PROVIDED RECORDS:
_ _ _
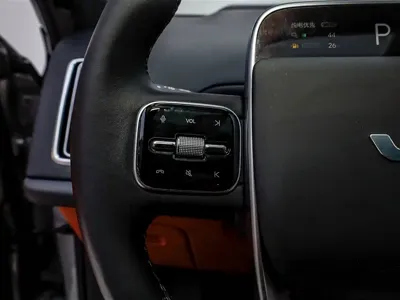 Li Auto Li L8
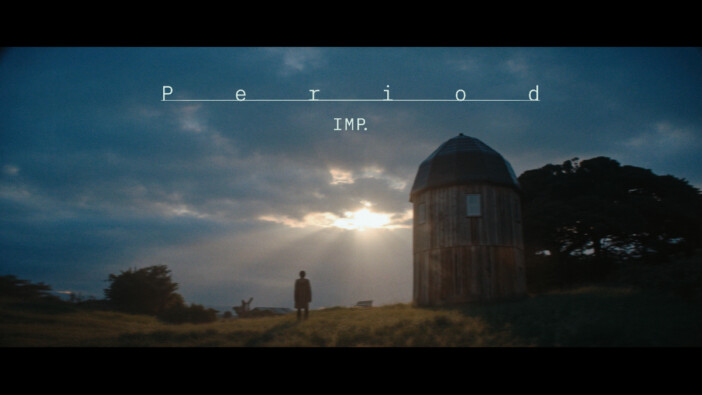 IMP. 3rdアルバムリードトラック「Period」先行配信&MV公開 セルフプロデュースのソロ楽曲収録も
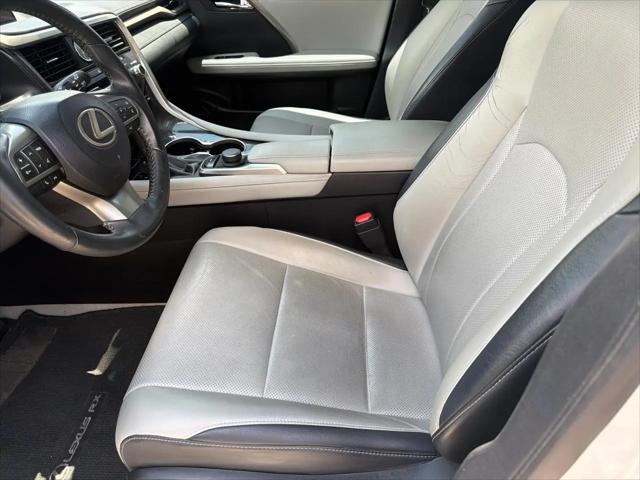 2019 Lexus RX 350 RX 350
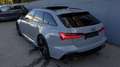 Audi RS6 4.0 TFSI tiptr. quat Keramik/Laser/RS-Sport Grau - thumbnail 3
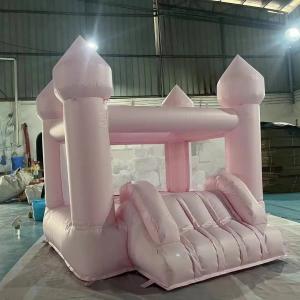 China inflatable jumping castle for kids  bounce house water slide combo commercial bouncy castle inflatable bouncy castle house supplier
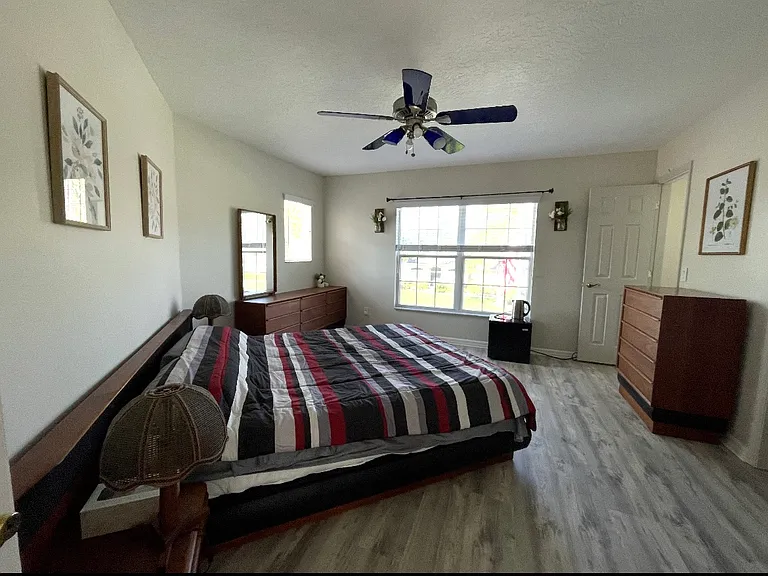 2nd floor bedroom 1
_ _ _
WORK INSTRUCTION: With the line containing "Audi RS6 4.0" as the first line and the last line of the listing as the final one, reproduce that span exactly, without pictures.

EXERCISE OUTPUT:
 Audi RS6 4.0 TFSI tiptr. quat Keramik/Laser/RS-Sport Grau - thumbnail 3
 China inflatable jumping castle for kids  bounce house water slide combo commercial bouncy castle inflatable bouncy castle house supplier
 2nd floor bedroom 1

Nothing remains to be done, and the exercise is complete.